In your actual scenario, after the Start command is executed, you will receive Starting, Running, or Stopped event notifications. In this case, you can proceed with the procedure upon command execution for more detailed O&M with the help of a timer and a counter.

Practice 3: Automatic removal of preemptible instances from SLB before they are released

A release alarm event will be sent five minutes before a preemptible instance is released. During these five minutes, you can run some processes without your services being interrupted. For example, you can manually remove the target preemptible instance from the backend SLB server.

Use the MNS client in Practice 1 and create a new listener.

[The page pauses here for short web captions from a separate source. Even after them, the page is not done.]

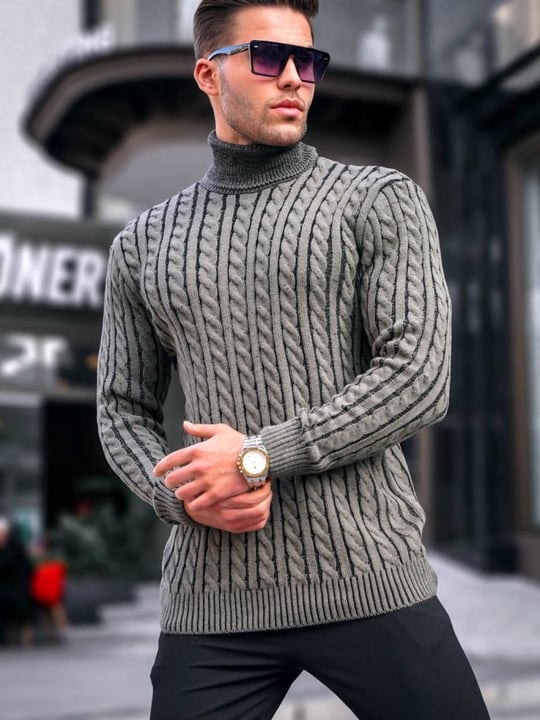 Men turtleneck sweater wholesale Bordeaux color Wholesale Jumper Cardigan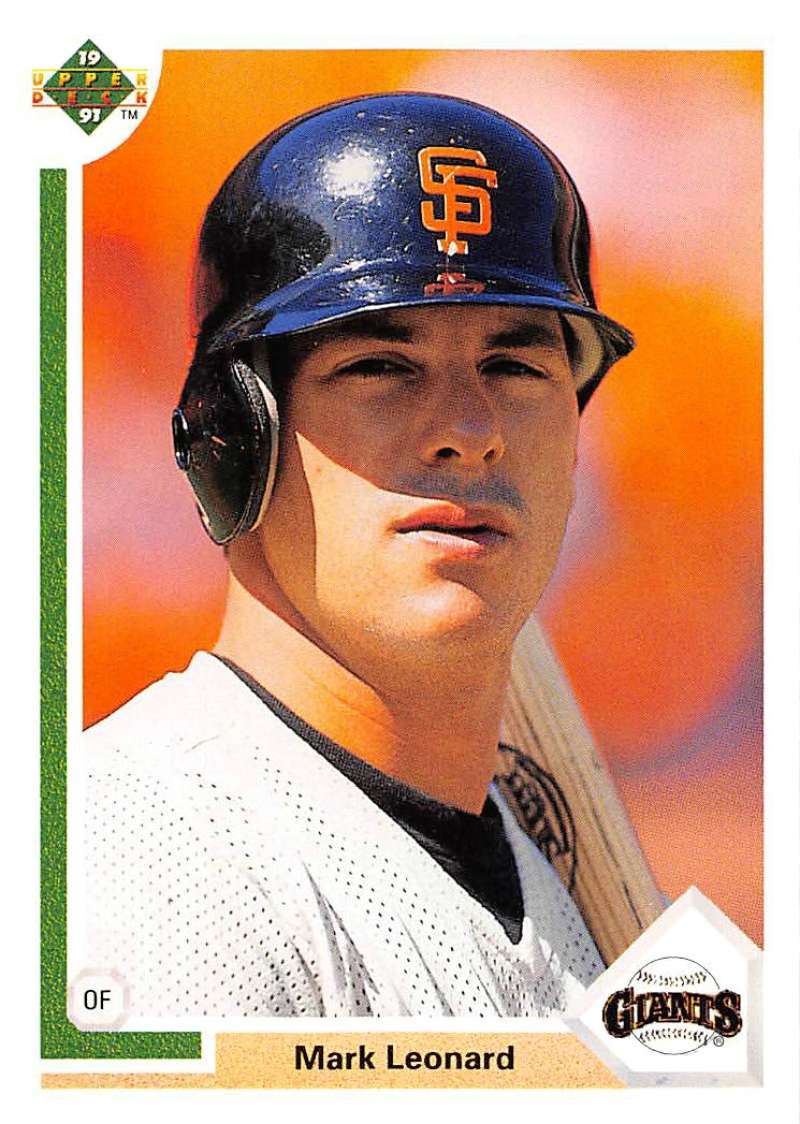 1991 Upper Deck Baseball #557 Mark Leonard  RC Rookie Giants 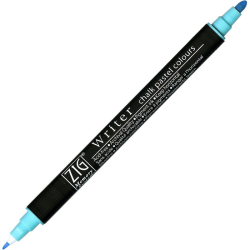 Zig - Zig Writer Chalk Pastel Çift Uçlu Marker Kalem 0.5mm & 1.2mm Blue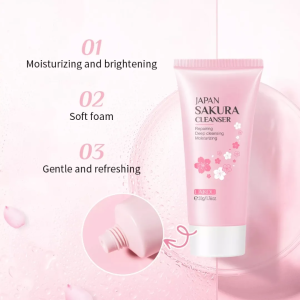 Buy Laikou Japan Sakura Cleanser 50g at best price online in Bangladesh from Shob-Rokom.Com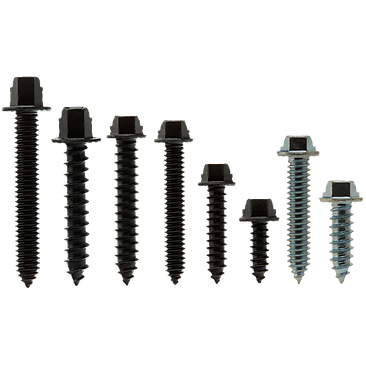 Image displaying various types of Kold Kutter traction screws.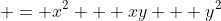  = x^2 + xy + y^2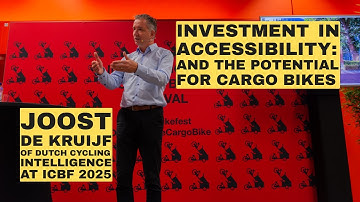 Investment in accessibility and the potential for cargo bikes. With Joost de Kruijf.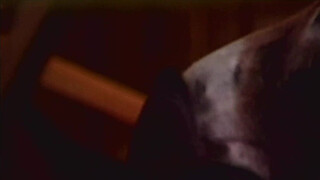 Retro mature hooker Olivia sucking a hard shaft and getting facialized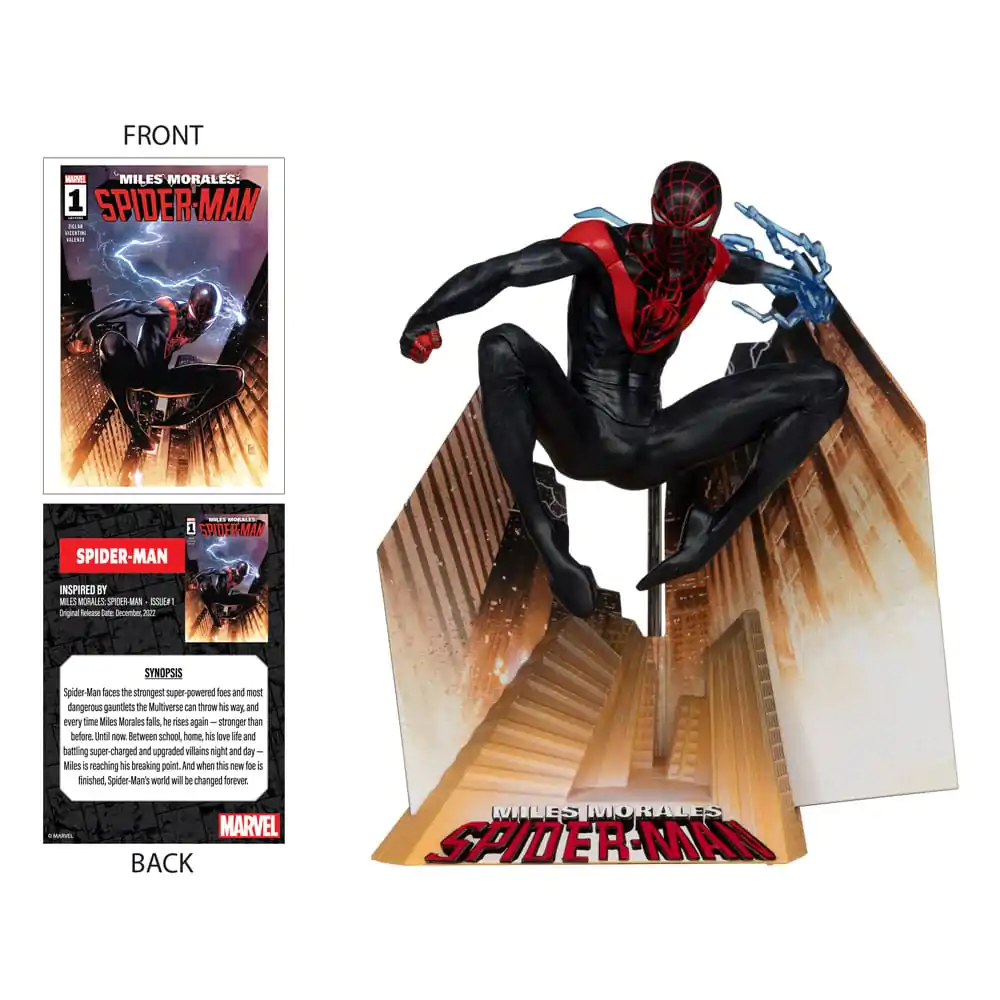 Marvel kolekce PVC soška 1/10 Spider-Man (Miles Morales: Spider-Man #1) 13 cm fotografii produktu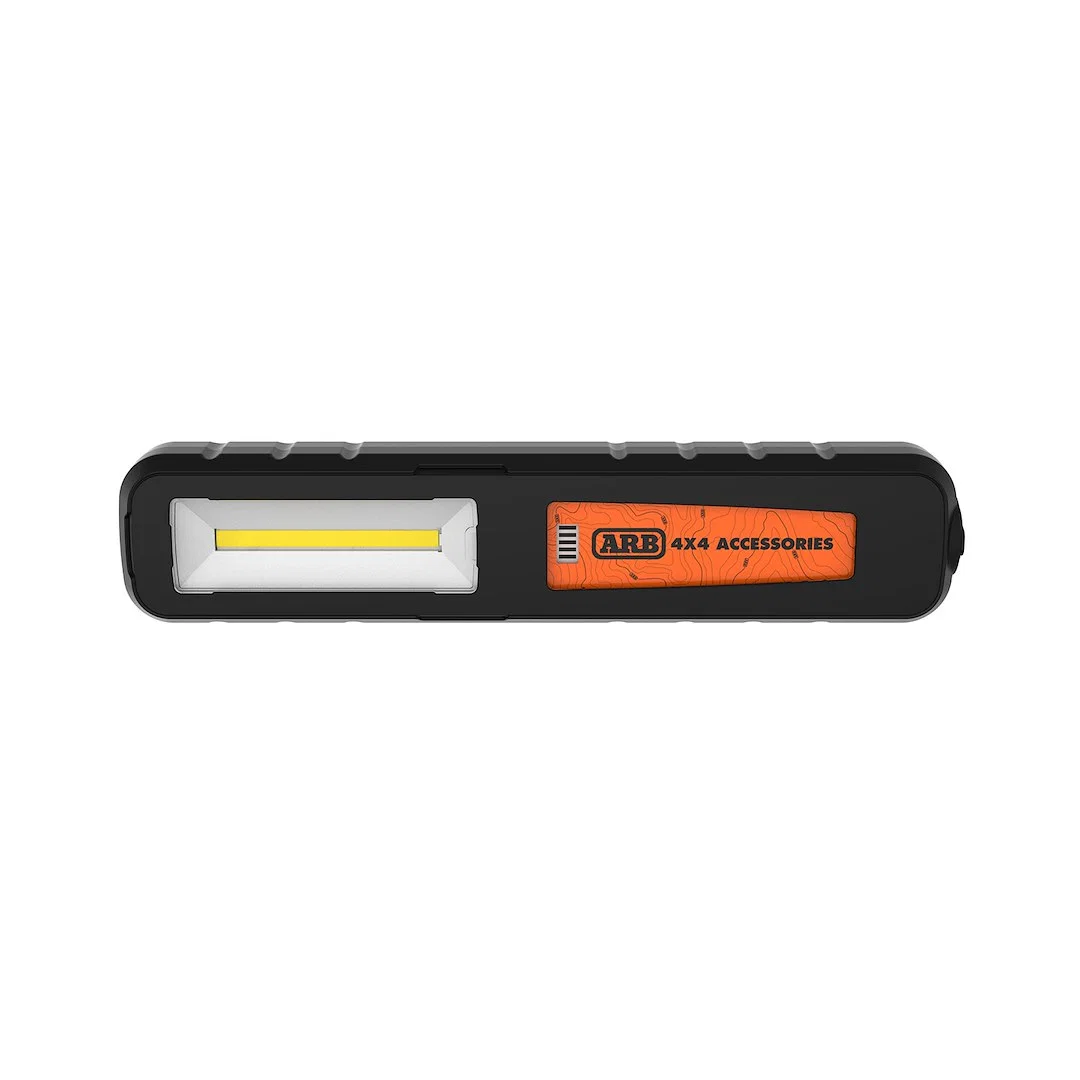 10500060A – ARB USA Flashlight, Hand Held LED Clear Lens 10 Watt Battery Powered With 12 Volt Cigarette Lighter Adapt...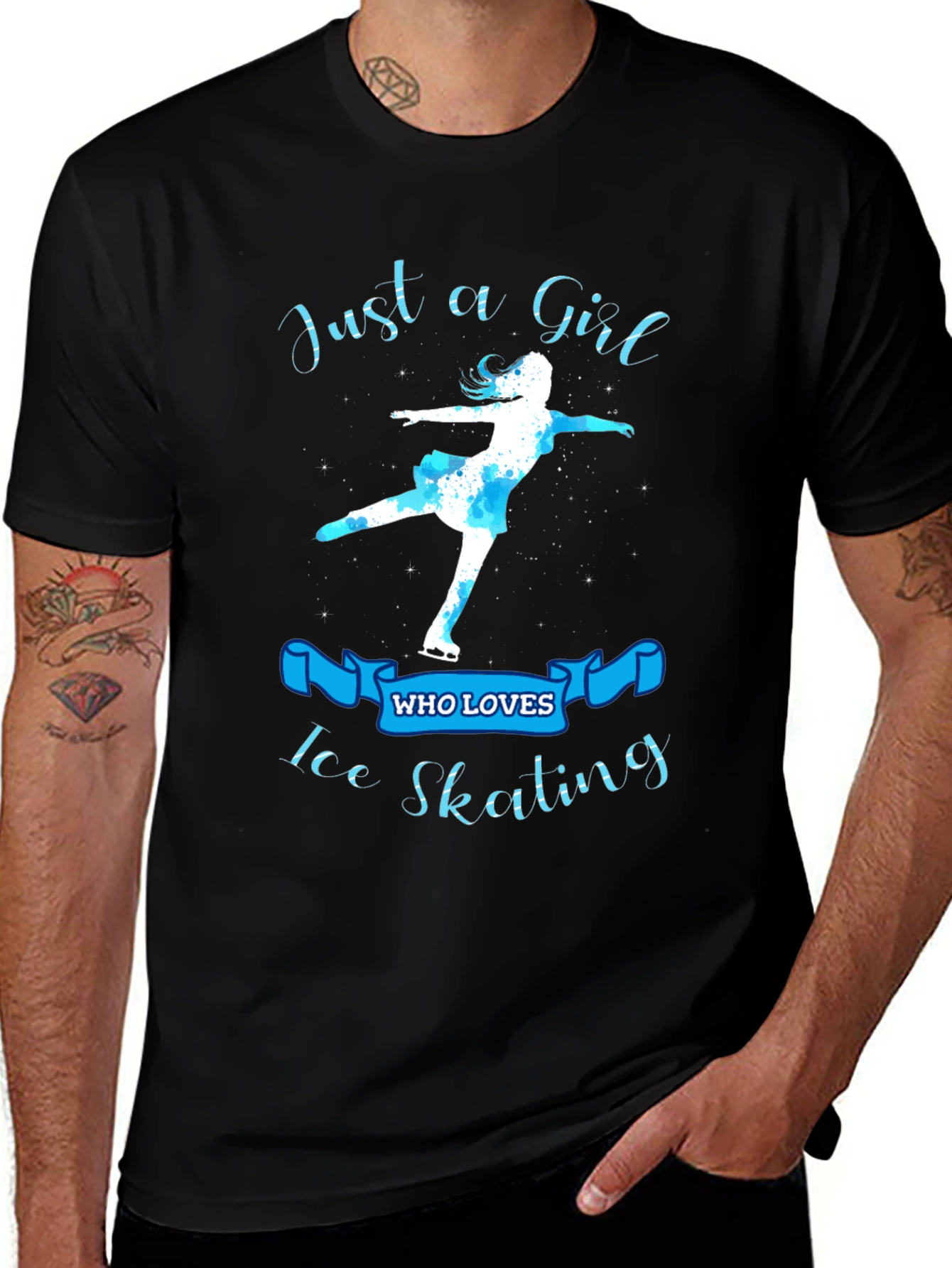 Variant 26 of Just a Girl Who Loves Ice Skating T-Shirt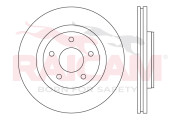 RD01512 Brzdový kotouč RAICAM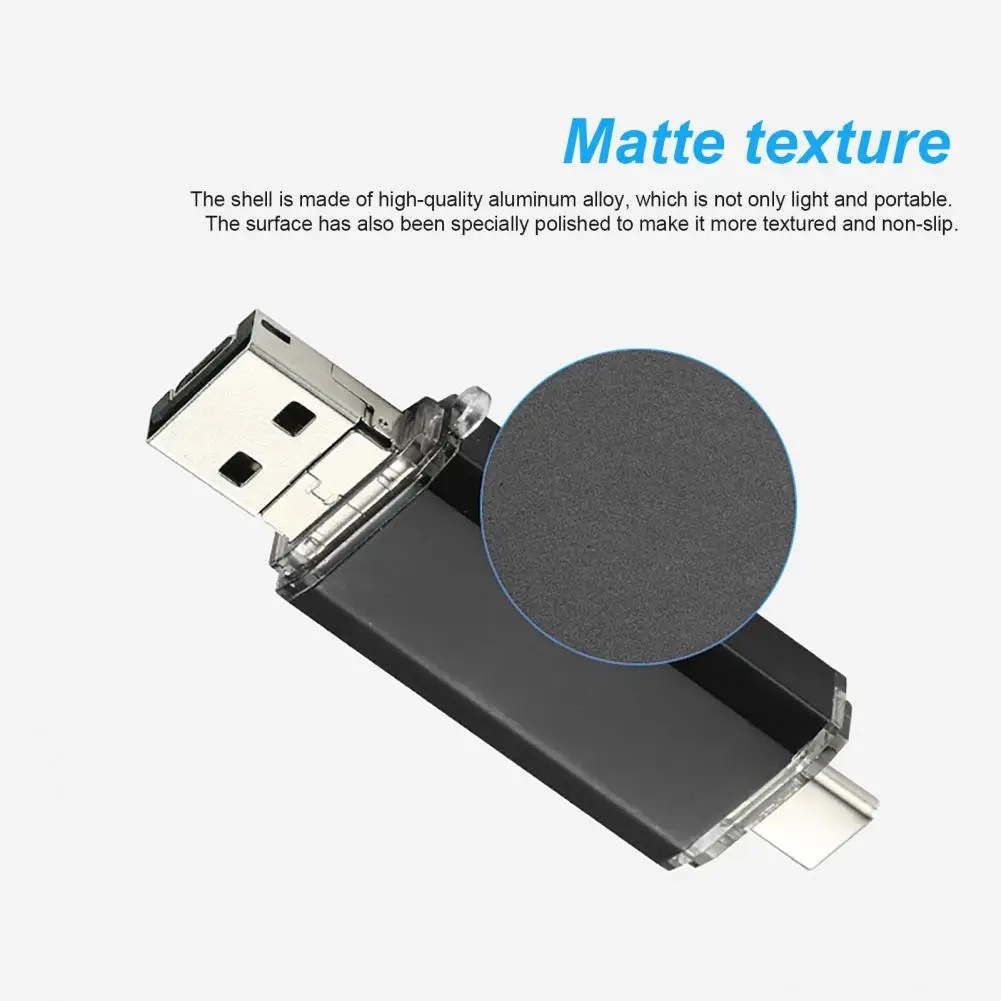 Флэш-диск практичный Type-C/Micro USB/USB 16 Гб/32 ГБ/64 Гб OTG карта памяти двухголовый U-диск |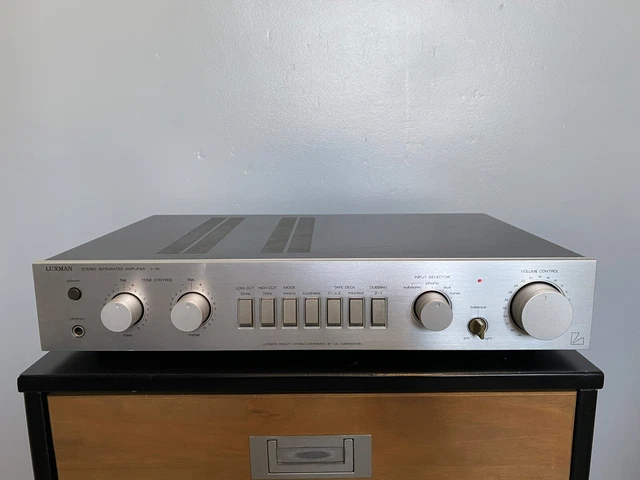 AMPLIFICATEUR INTÉGRÉ & LUXMAN A-312 " Integrated Amplifier EUR 85,00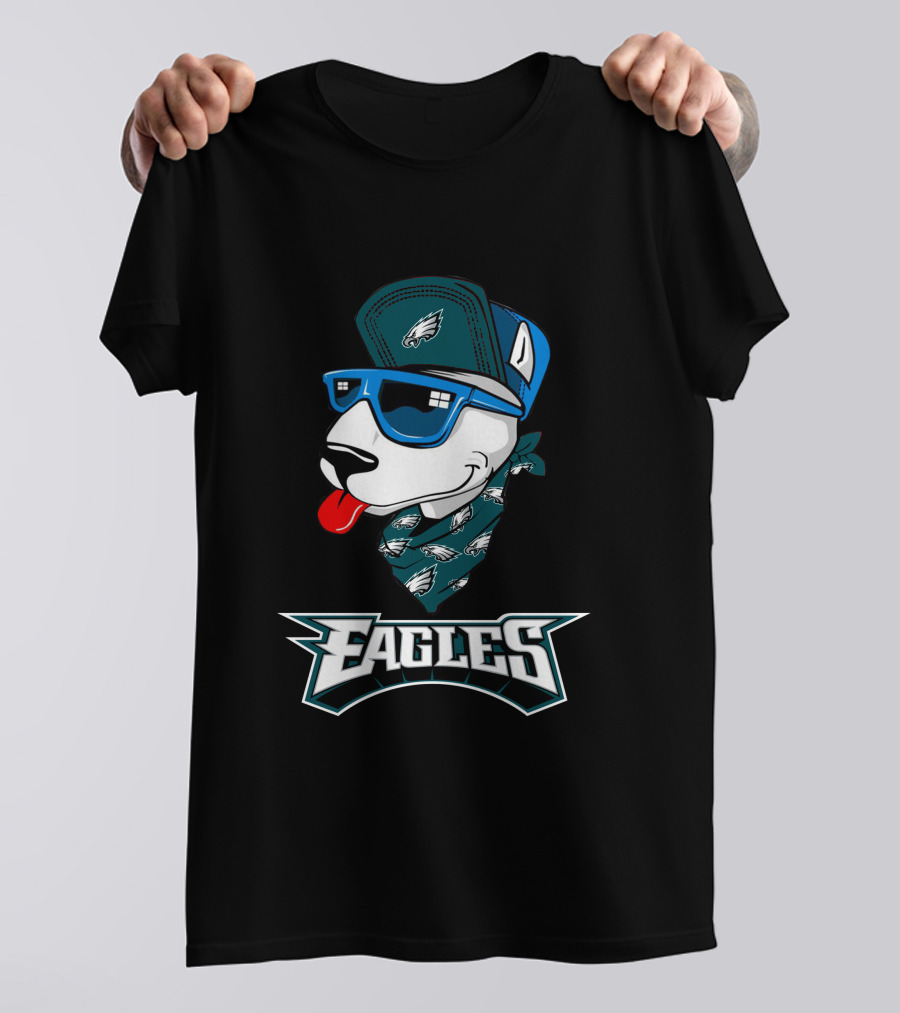 Eagles Bull Terrier Cool Dog Philadelphia Fan Merch T-Shirt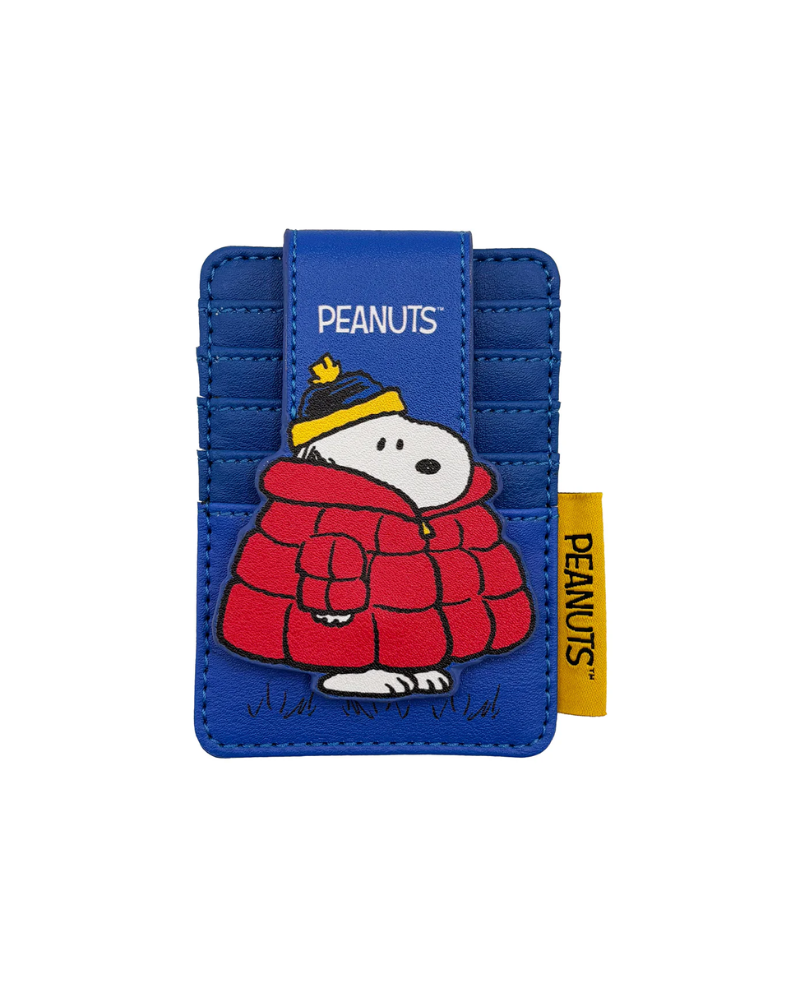 Peanuts Puffa Coat Card Holder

Then, when the listener receives the preemptible instance release alarm, the listener calls an SLB SDK.

# -*- coding: utf-8 -*-
from aliyunsdkcore.client import AcsClient
from aliyunsdkcore.request import CommonRequest
from .mns_client import BasicListener
from .config import Conf


class SLBClient(object):
    def __init__(self):
        self.client = AcsClient(Conf.access_key, Conf.access_key_secret, Conf.region_id)
        self.request = CommonRequest()
        self.request.set_method('POST')
        self.request.set_accept_format('json')
        self.request.set_version('2014-05-15')
        self.request.set_domain('slb.aliyuncs.com')
        self.request.add_query_param('RegionId', Conf.region_id)

    def remove_vserver_group_backend_servers(self, vserver_group_id, instance_id):
        self.request.set_action_name('RemoveVServerGroupBackendServers')
        self.request.add_query_param('VServerGroupId', vserver_group_id)
        self.request.add_query_param('BackendServers',
                                     "[{'ServerId':'" + instance_id + "','Port':'80','Weight':'100'}]")
        response = self.client.do_action_with_exception(self.request)
        return str(response, encoding='utf-8')


class ListenerSLB(BasicListener):
    def __init__(self, vsever_group_id):
        self.slb_caller = SLBClient()
        self.vsever_group_id = Conf.vsever_group_id

    def process(self, event):
        detail = event['content']
        instance_id = detail['instanceId']
        if detail['action'] == 'delete':
            self.slb_caller.remove_vserver_group_backend_servers(self.vsever_group_id, instance_id)
Notice

The event name of the preemptible instance release alarm is Instance:PreemptibleInstanceInterruption", mns_client.regist_listener(ListenerSLB(Conf.vsever_group_id), 'Instance:PreemptibleInstanceInterruption').

In your actual scenario, you need to apply for a new preemptible instance and attach it to SLB to guarantee that your services can run normally.